Records to process:
+-------+

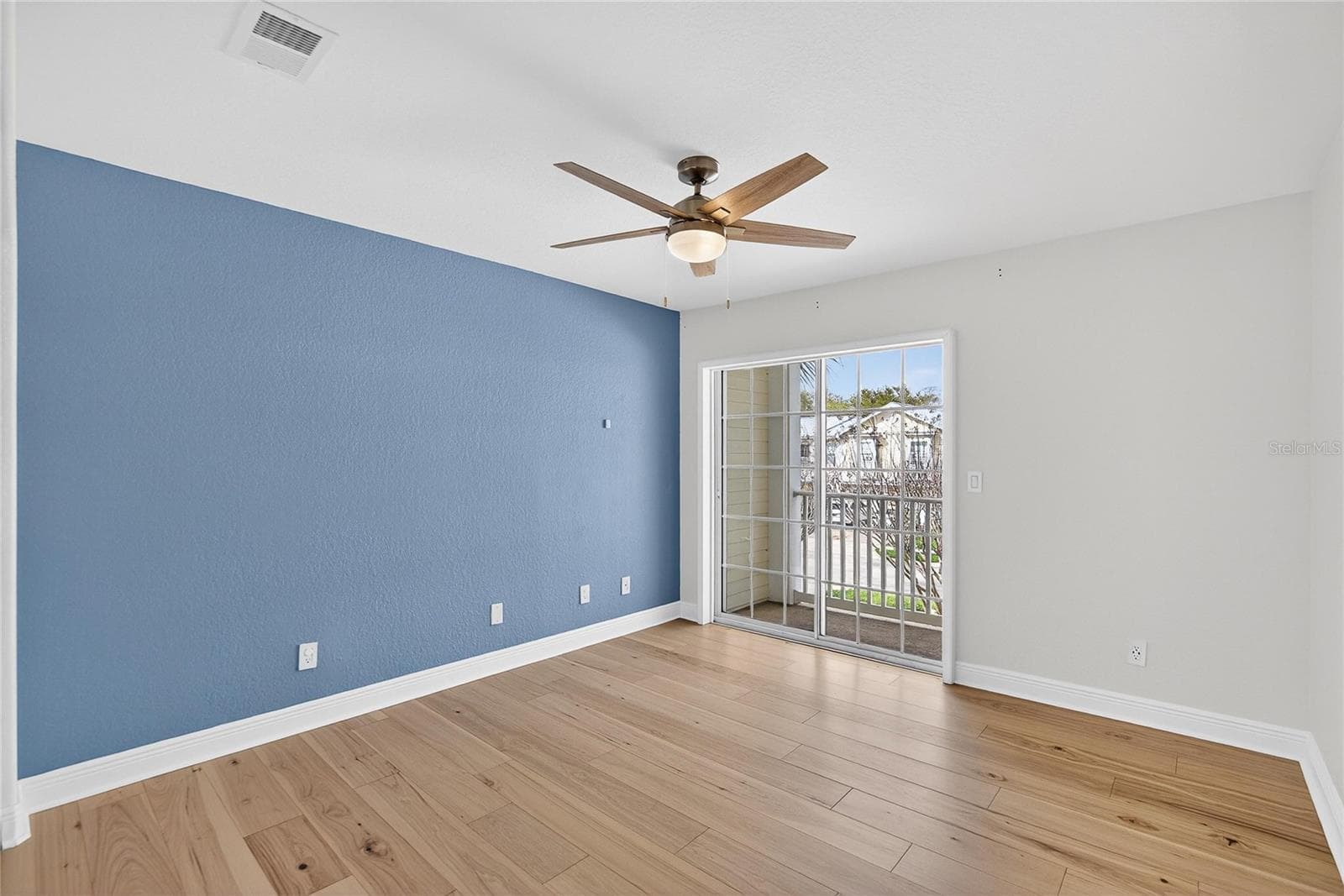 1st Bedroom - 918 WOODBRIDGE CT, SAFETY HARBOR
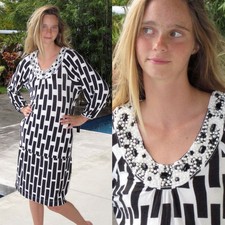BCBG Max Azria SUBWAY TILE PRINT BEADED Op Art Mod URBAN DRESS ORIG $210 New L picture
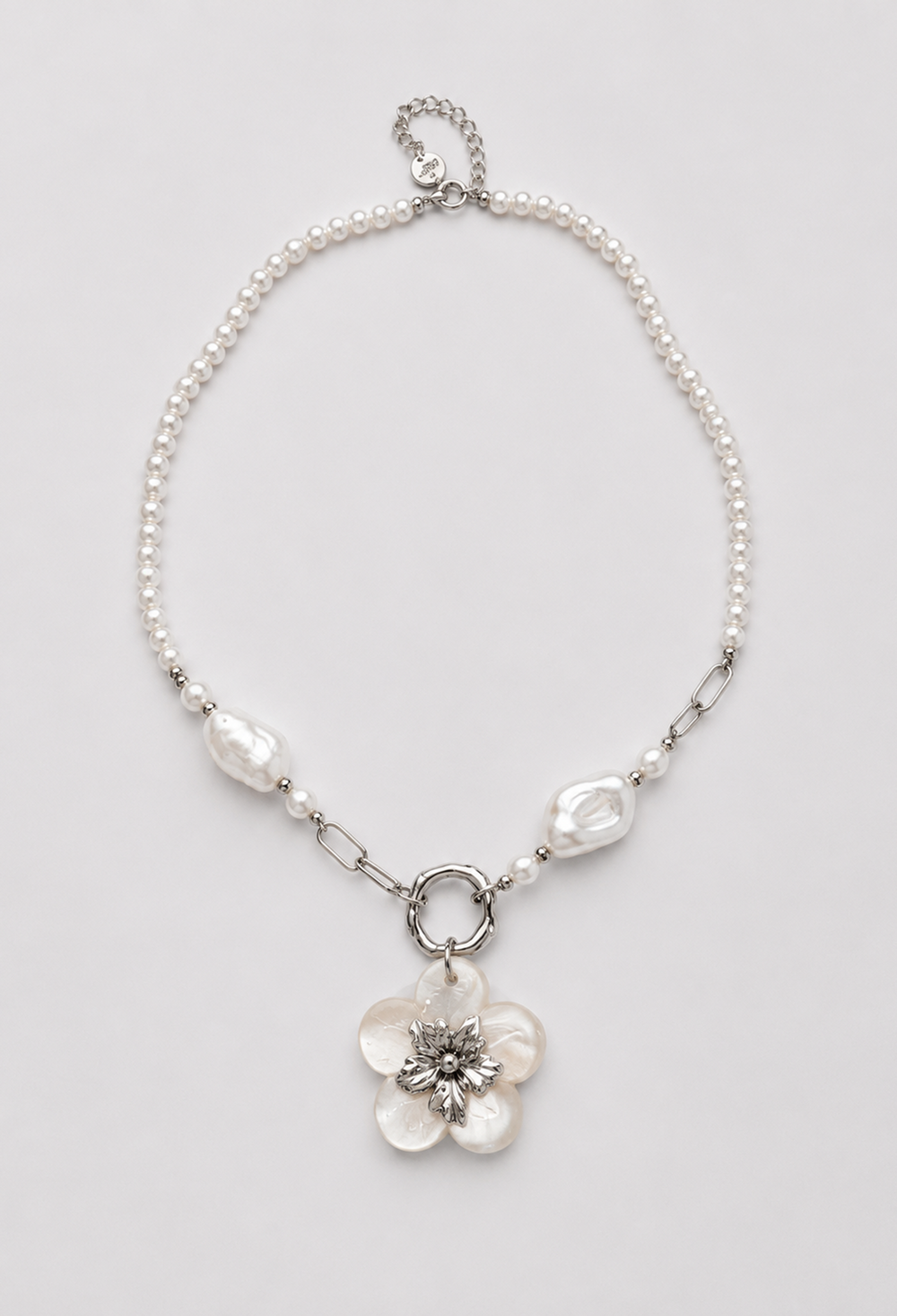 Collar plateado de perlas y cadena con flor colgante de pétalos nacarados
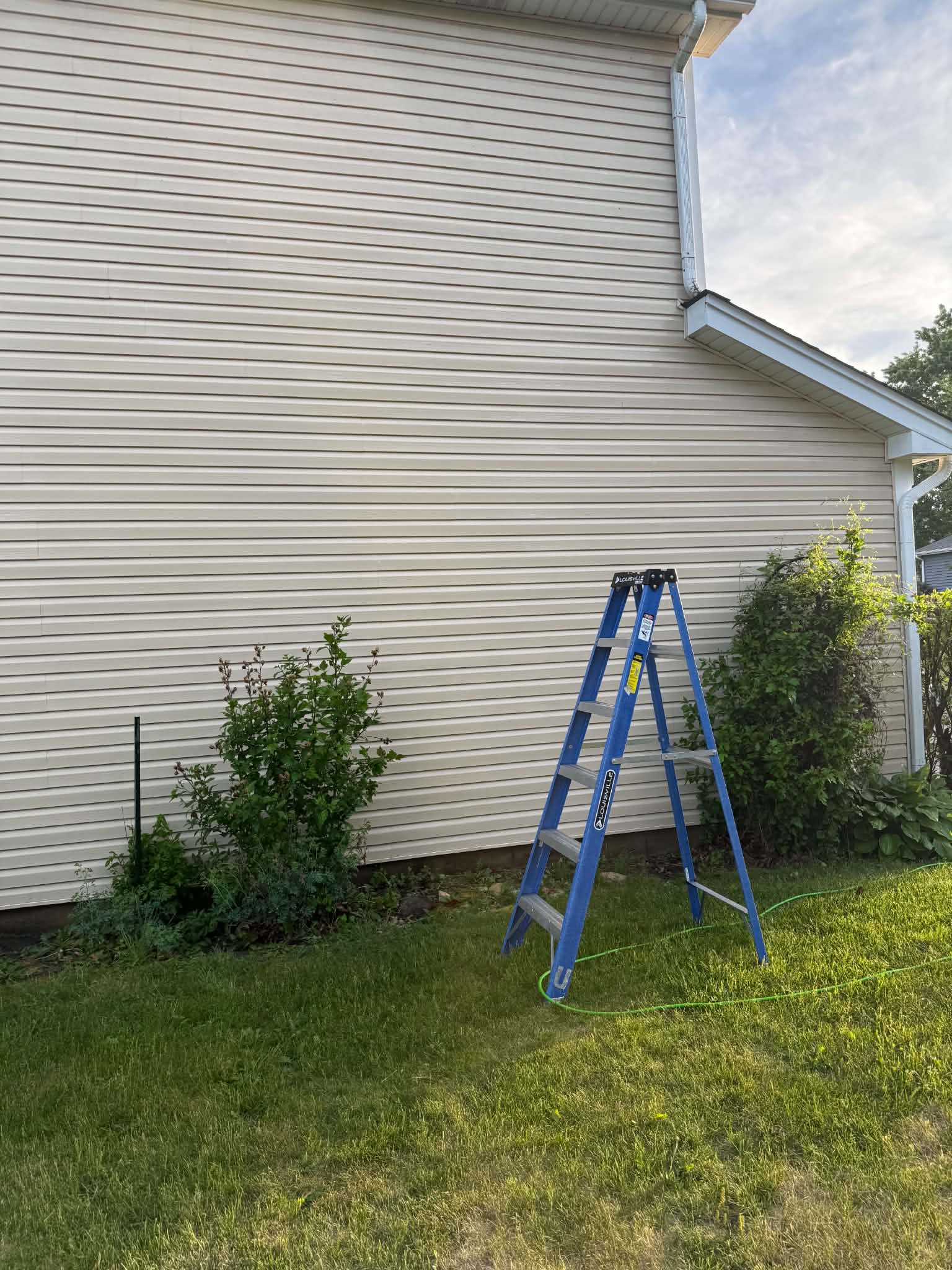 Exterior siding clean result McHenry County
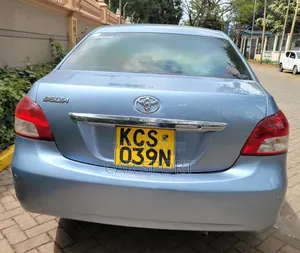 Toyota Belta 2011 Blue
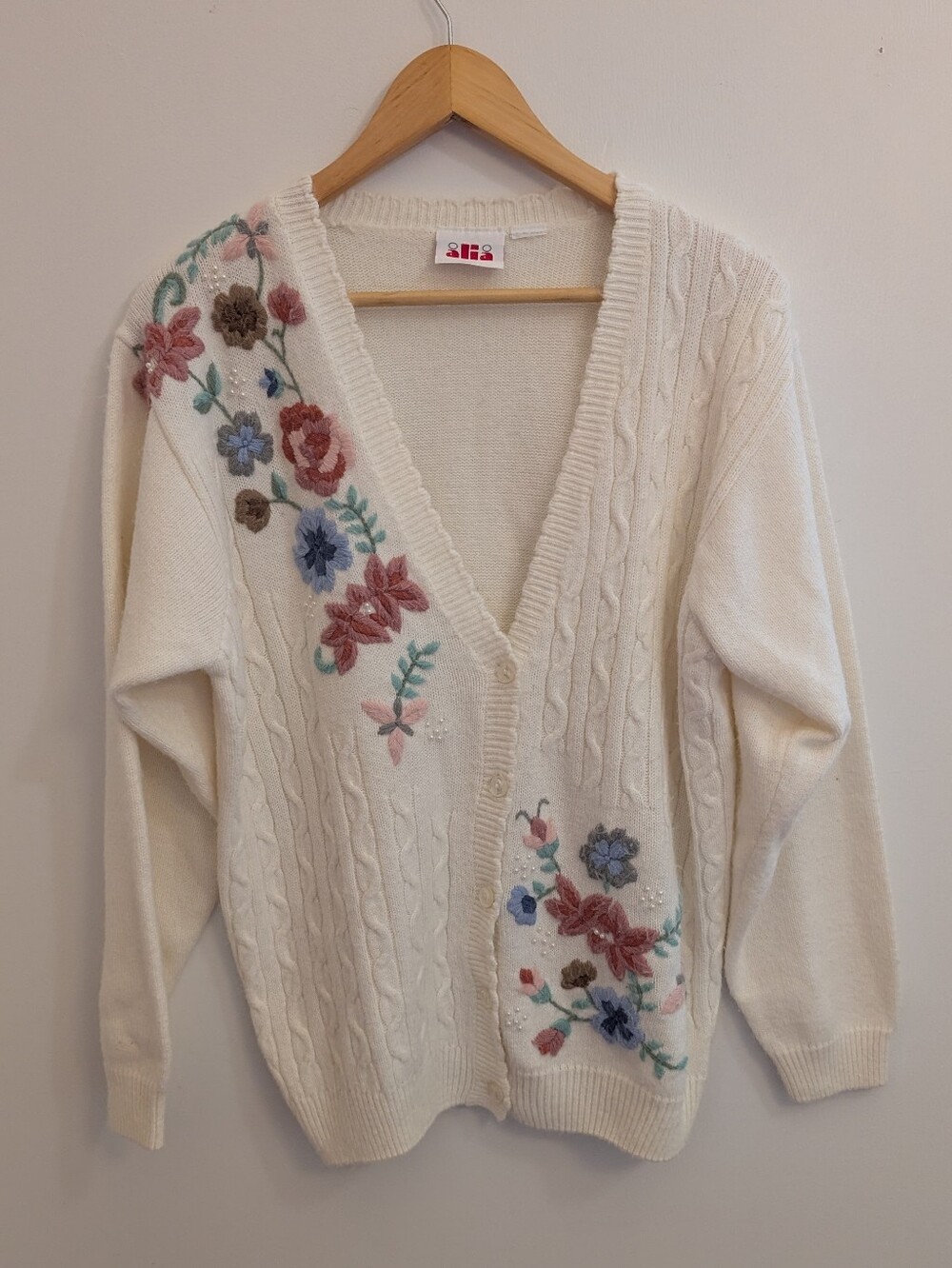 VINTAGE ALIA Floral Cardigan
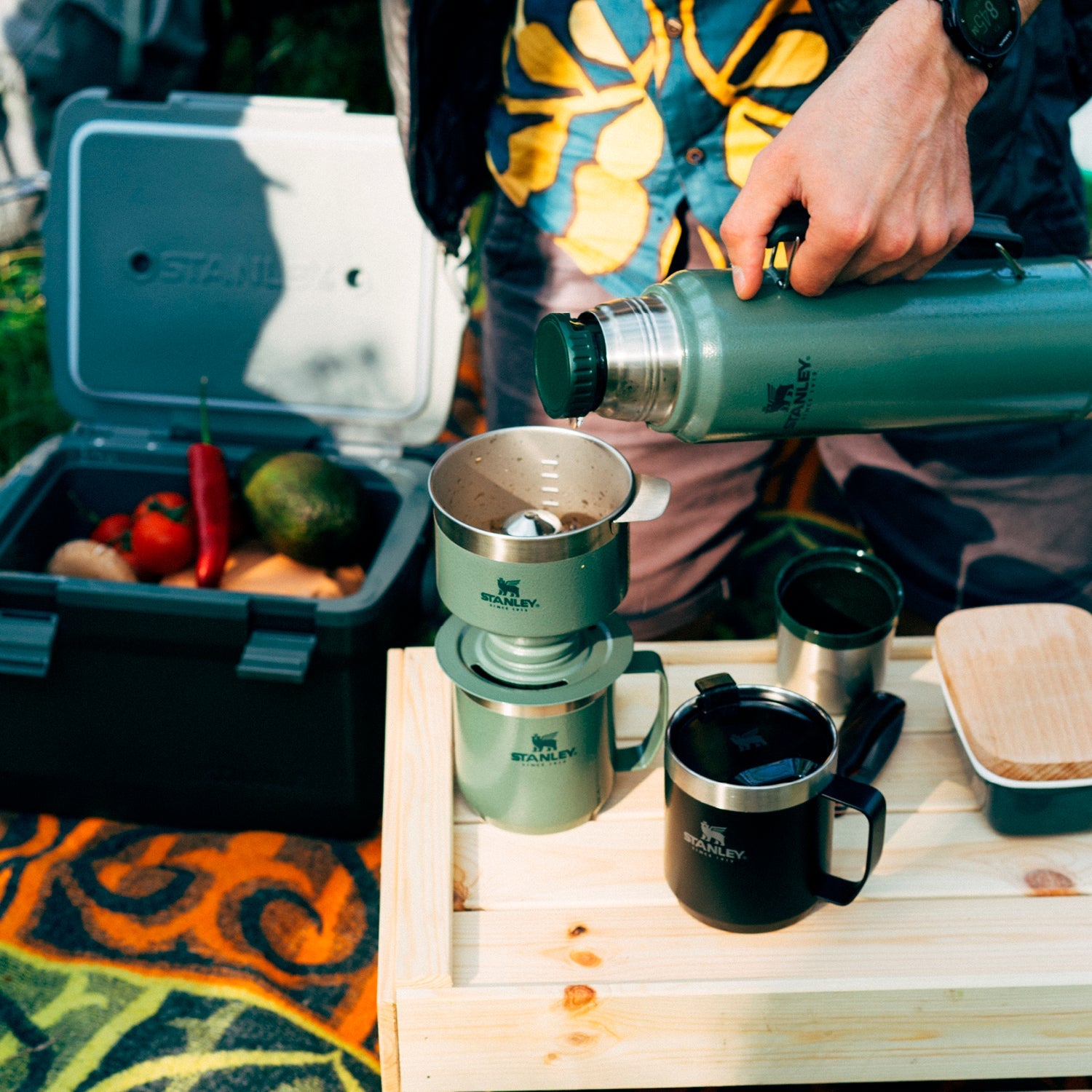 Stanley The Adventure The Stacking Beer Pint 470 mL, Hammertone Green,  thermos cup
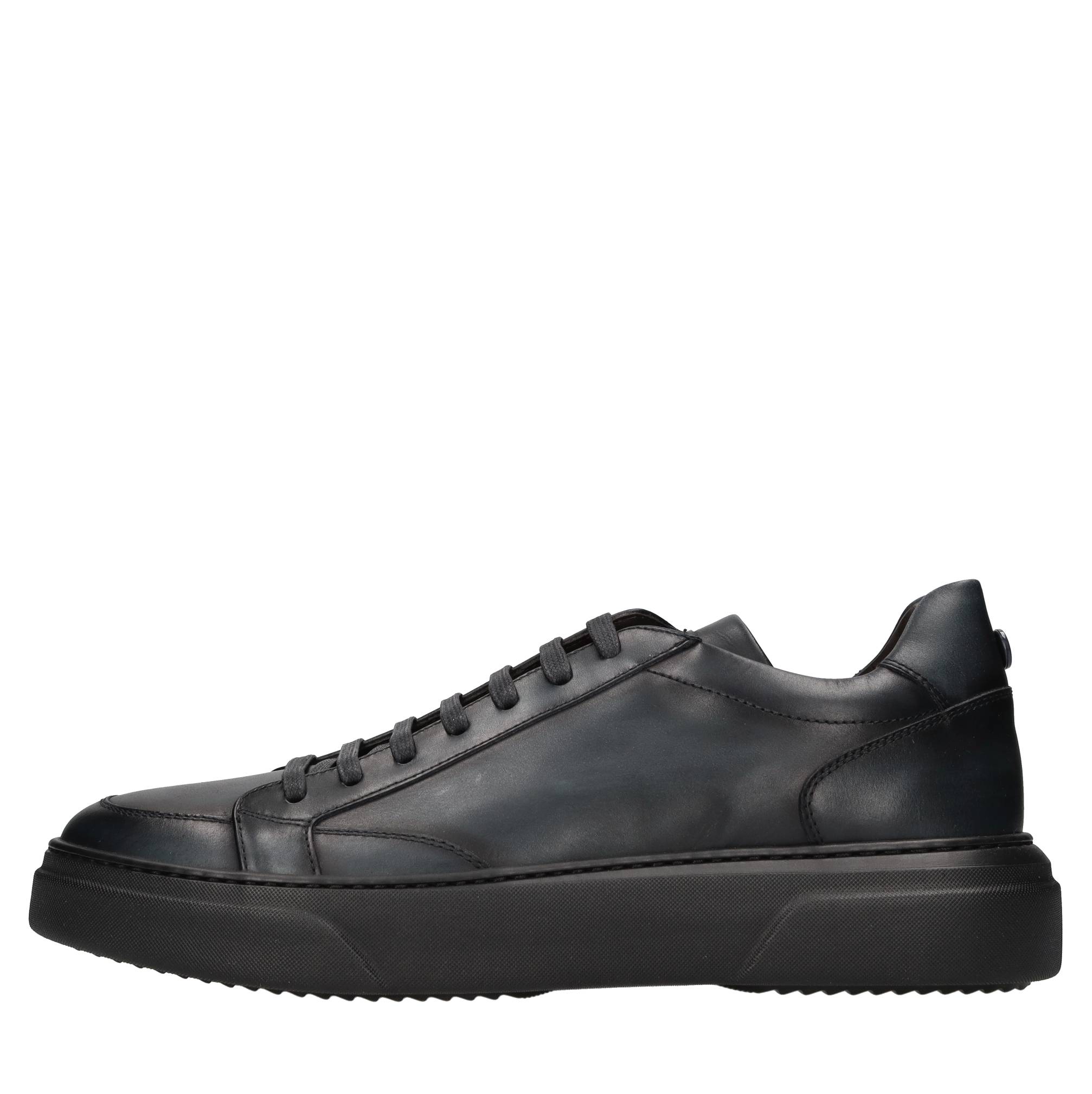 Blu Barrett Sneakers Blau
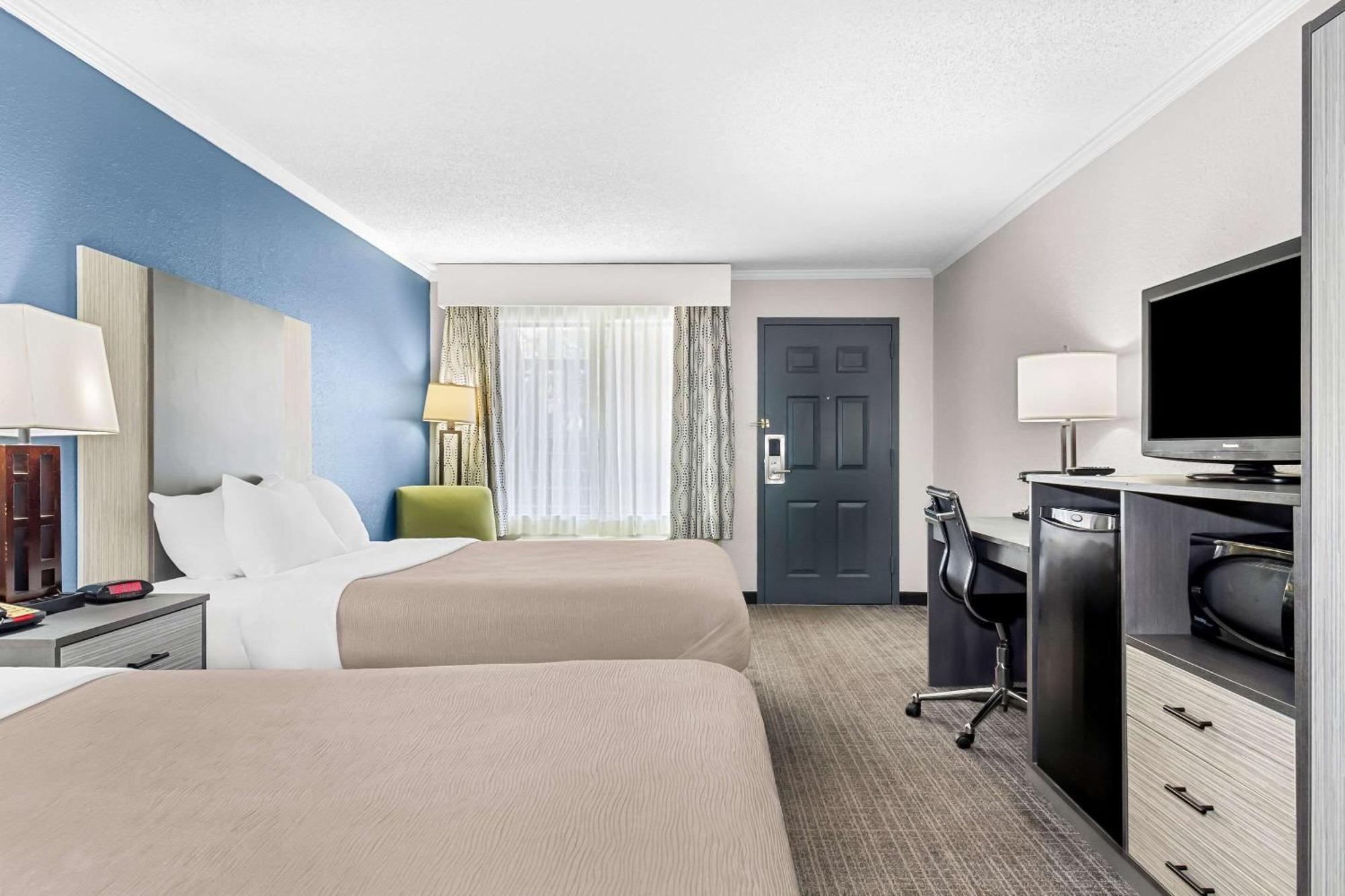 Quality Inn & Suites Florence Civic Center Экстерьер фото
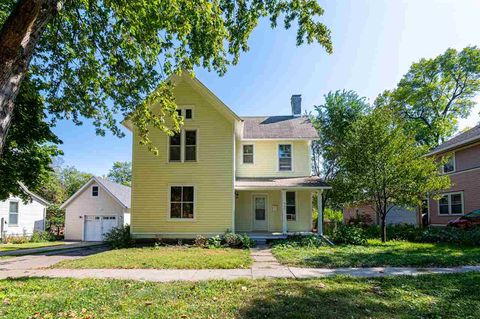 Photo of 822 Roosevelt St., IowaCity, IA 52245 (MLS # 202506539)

+-------+

The task:
Copy the listing above verbatim; the pictures it contains are to stay out.

Solution for this task:
 1st Bedroom - 918 WOODBRIDGE CT, SAFETY HARBOR
BCBG Max Azria SUBWAY TILE PRINT BEADED Op Art Mod URBAN DRESS ORIG $210 New L picture
 Collar plateado de perlas y cadena con flor colgante de pétalos nacarados
 Exterior siding clean result McHenry County
 Toyota Belta 2011 Blue
 VINTAGE ALIA Floral Cardigan
 Stanley The Adventure The Stacking Beer Pint 470 mL, Hammertone Green,  thermos cup
 Blu Barrett Sneakers Blau
 Quality Inn & Suites Florence Civic Center Экстерьер фото
 Photo of 822 Roosevelt St., IowaCity, IA 52245 (MLS # 202506539)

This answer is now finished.